In 2005 and 2006, WWE’s nostalgia circuit rang the bell, and Big Guido answered — with a folding chair and a death stare. He joined the F.B.I. reunion at ECW One Night Stand, and though he did little more than provide beefy backup, fans roared like they were seeing The Rock.

And then came the June 13, 2006 episode of ECW on Sci-Fi (yes, Sci-Fi — because why not?). Big Guido entered the infamous Hardcore Battle Royal. And in true ECW fashion, he was thrown out by Big Show, helped Sabu eliminate Big Show in return, and then disappeared again like a garlic-scented phantom in track pants.

After that night, Big Guido retired from active competition — possibly because he realized AEW hadn’t been invented yet, and there was no other promotion left willing to pay him to just look intimidating.


Heavyweight Titles, Indie Runs, and Empire State of Mind

Outside of ECW and WWE, Big Guido was busy in the indies. He held heavyweight gold in Eastern States Wrestling (not to be confused with a middle school volleyball league), Empire State Wrestling, and even picked up a tag title in New Breed Wrestling with Tony DeVito. It wasn’t Madison Square Garden, but it wasn’t a VFW hall with 17 people and a barking dog either. Okay, sometimes it was that — but it paid gas money.

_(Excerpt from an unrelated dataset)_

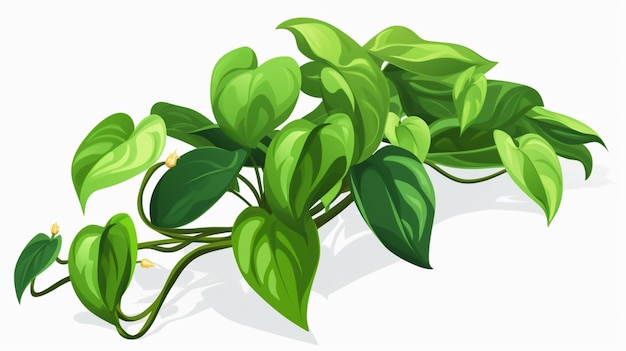 Vector a drawing of a plant with green leaves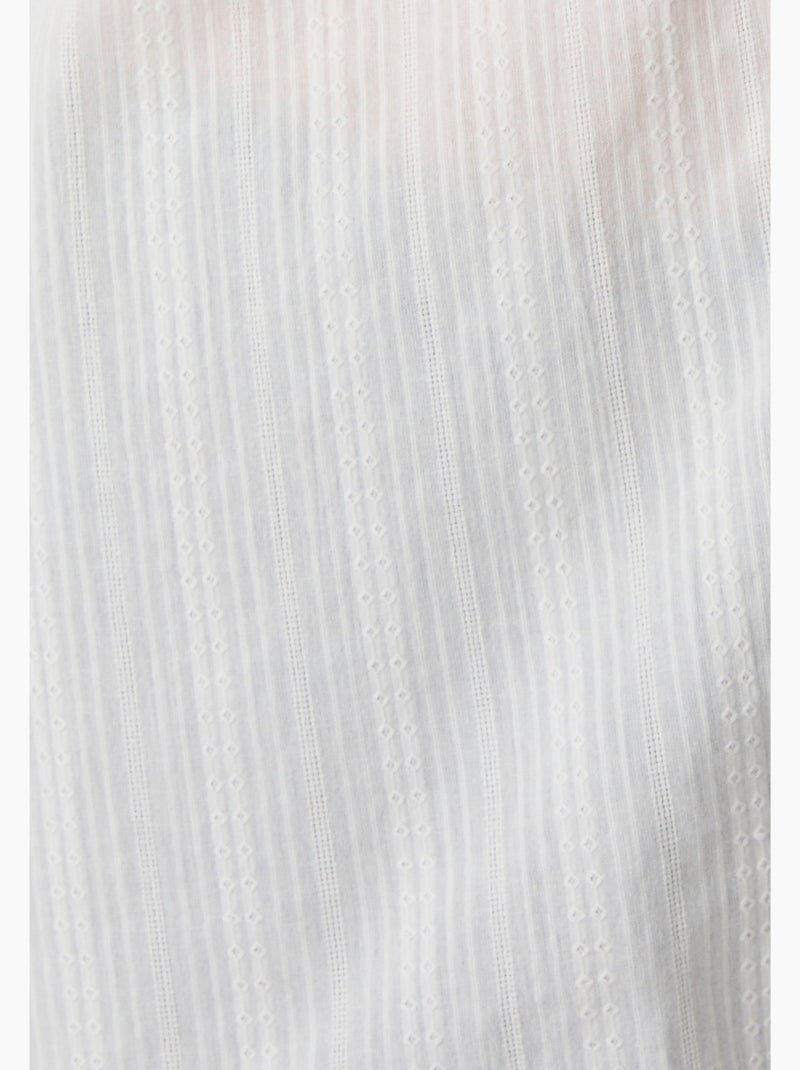 Chemisier jacquard reliéfé - Damart Blanc - Kiabi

The Legacy: A Giant With a Garlic Knot Heart

Big Guido’s wrestling legacy won’t be measured in Meltzer stars. He didn’t have a flashy moveset. He didn’t invent the Canadian Destroyer. He didn’t cut promos with tears in his eyes and a microphone trembling in his hand.

But what he did do was matter. He fit a role. He played it perfectly. He was the giant who stood next to the misfits and made them look like threats. He was a physical gag in a violent cartoon, a 300-pound reminder that size still matters in a business full of flippy boys and vegan champions.

He may have only spoken five times in 20 years, but when he did, it probably ended with somebody getting thrown into a dumpster.


Final Thoughts: The Pasta of Pain

If the wrestling world were a plate of spaghetti, Big Guido was the meatball — massive, satisfying, and capable of knocking a man unconscious if thrown hard enough.

He didn’t need to headline WrestleMania. He didn’t need a catchphrase. All he needed was a scowl, a track suit, and Little Guido screaming at a referee in the background.

Salute to Big Guido — wrestling’s finest example that you don’t need to say much when you are the punctuation mark.